The most striking thing to me during the coverage of the Occupy Movement last fall was the “counter-protestors” (read: miserable assholes) yelling things like “Get a job!” I would love one! As I mentioned previously, I’ve applied for nearly 700 jobs in the last 15 months and continue to apply for 30-100 jobs each month. I’ve applied for jobs at law firms, scores of jobs with the government, jobs at corporations, jobs for lawyers, jobs for non-lawyers, jobs as a paralegal, jobs as a writer, jobs, jobs, jobs. I’ve applied for jobs from Seattle to Miami, from San Diego to Boston, and I’ve applied to jobs overseas. Have work? Will travel. Of course, while employment ticked up in March, it actually dropped in the legal sector. Total legal employment is lower now than it was in 2008, despite the abundance of law schools in this country pumping out nearly 50,000 new lawyers each year. I admit that I have not yet applied to work in fast food or retail as I maintain the hope that somehow, some way, I’ll eventually find a position which could eventually lead me back to my old life. That said, I don’t see an abundance of “Help Wanted” signs at McDonald’s or Best Buy. The notion that people can just “Get a Job!” in this market is laughable. The government’s own numbers pretend that over 8 million Americans have dropped out of the workforce in recent years; while you may know of someone that struck oil in their backyard and actually retired in their 30s or 40s, I’m confident most of these people are simply unable to find employment. I wonder how they afford food – I fear for my own future when unemployment is cut off.

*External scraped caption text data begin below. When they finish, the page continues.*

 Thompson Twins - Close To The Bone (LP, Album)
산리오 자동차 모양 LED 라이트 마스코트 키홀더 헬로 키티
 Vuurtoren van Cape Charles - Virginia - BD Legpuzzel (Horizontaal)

I continue to have some hope – I keep trying to tell myself that I have great experience and a great background, and eventually that will mean something to somebody. I know I’m hard working - I billed well over 2000 hours as my mother died of cancer in 2009 because the firm expected nothing less. (For the non-lawyers reading, that translates to working 60+ hours most weeks.) I also wonder and worry about the larger country – if finding work is so hard and seemingly hopeless for someone with my background, someone barely into their 30s, what is it like for older workers with fewer credentials?

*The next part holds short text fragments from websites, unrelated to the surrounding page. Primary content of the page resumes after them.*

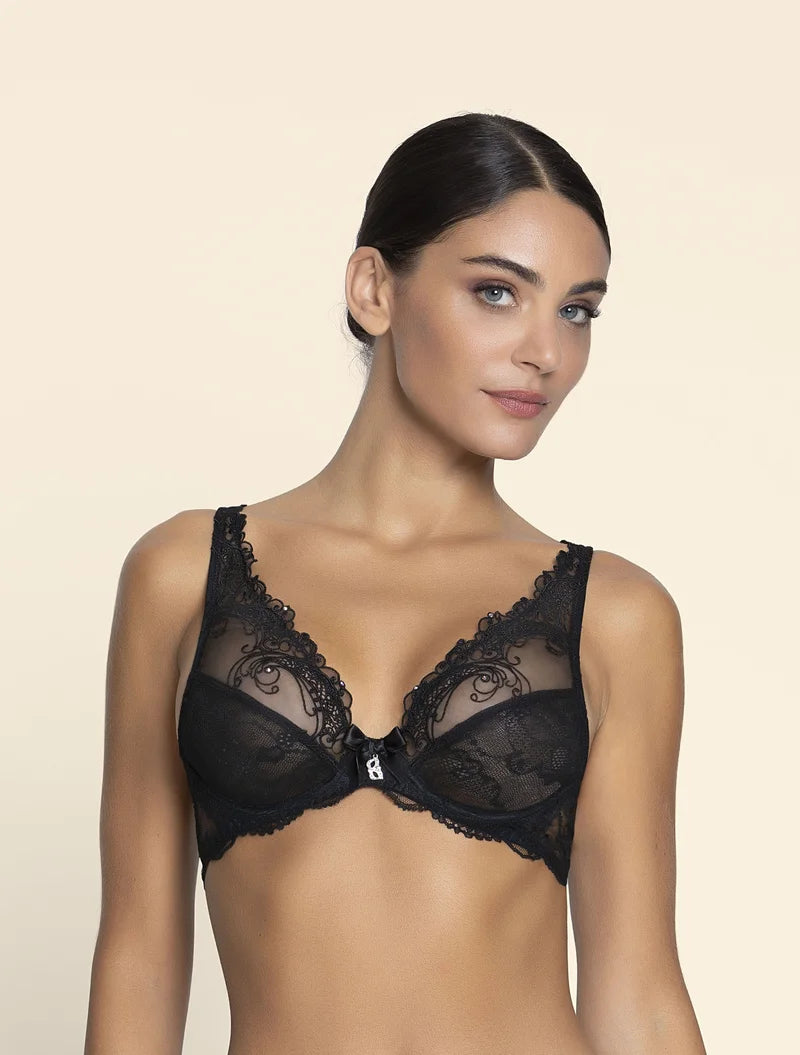 Lise Charmel - Soir De Venise Glam Push-Up Bra Noir Diamant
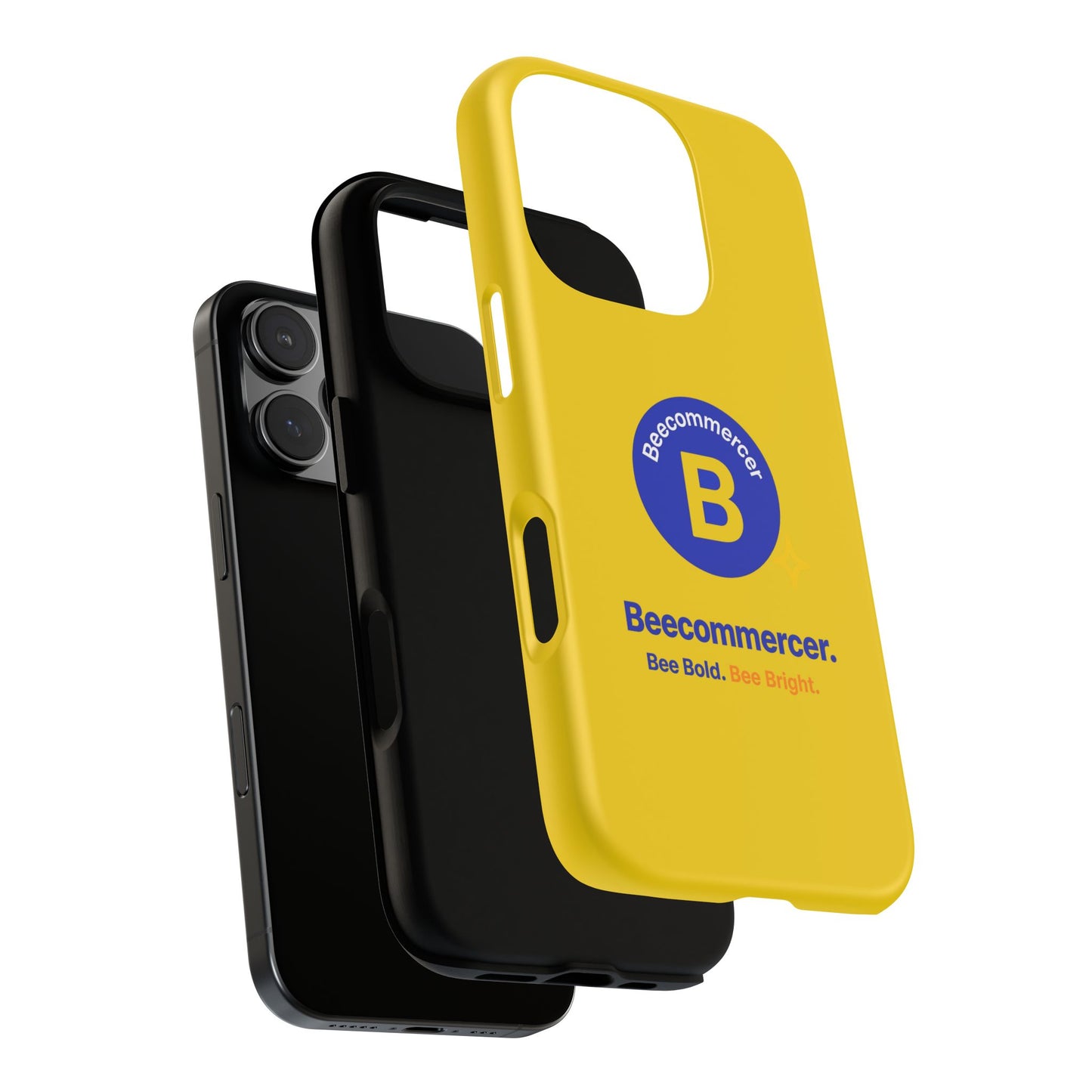 Beecommercer Bold Logo Phone Case — Yellow Protective Phone Cover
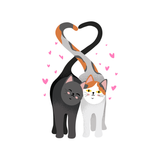 Cats In Love Design By Vexels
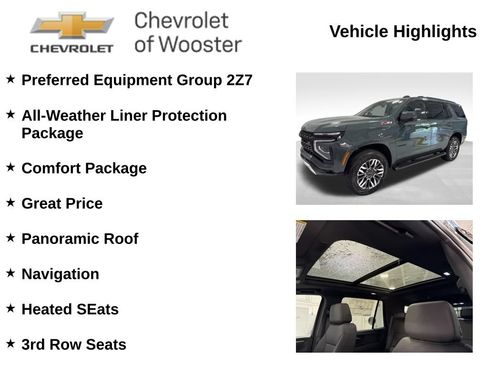 New 2026 Chevrolet Tahoe Z71 w/ Comfort Package AWD/4WD image 2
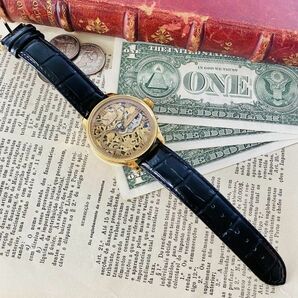 ★ロレックス★彫金 スケルトン 1940年代 Rolex 17石 手巻き 腕時計 アンティーク ビンテージ メンズ 高級 動作良好 豪華 スモセコの画像8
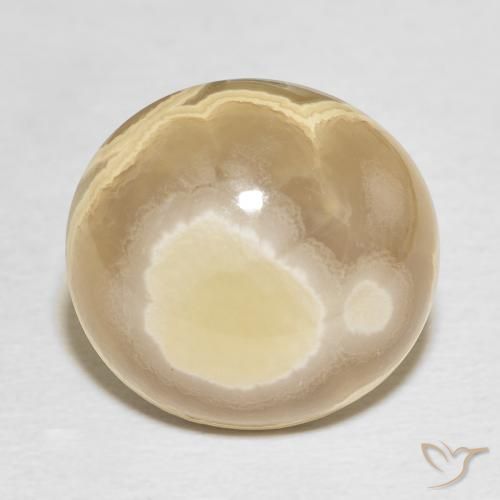 16.34ct Natural Multicolor Agate, Oval, Opaque, Photo A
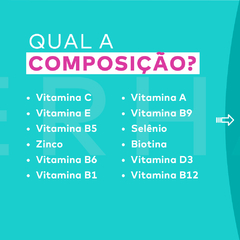 Flower Hair - Gomas para crescimento e fortalecimento de cabelos e unhas - 60 gomas - SEM AÇÚCAR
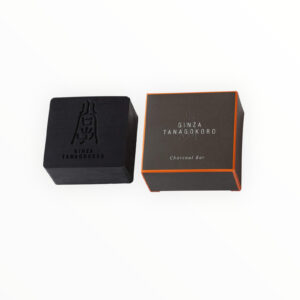 GINZA TANAGOKORO Charcoal Bar - charcoal soap, 160 g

As another day starts in the exurbs, I sigh. It’s another day of nothing. I’ll look at the usual job boards. I’ll read the 10+ emails I receive each morning with updated job listings. I’ll head to the gym. But in general, another day will come and go and nothing will change. Maybe I’ll receive a rejection letter or two. Maybe I’ll find a new posting for a job that would be perfect – if only they decide to interview me. But really, I just wait. I watch the clock spin in circles. I watch my life pass me by. I wonder how much longer this can last. And I wait.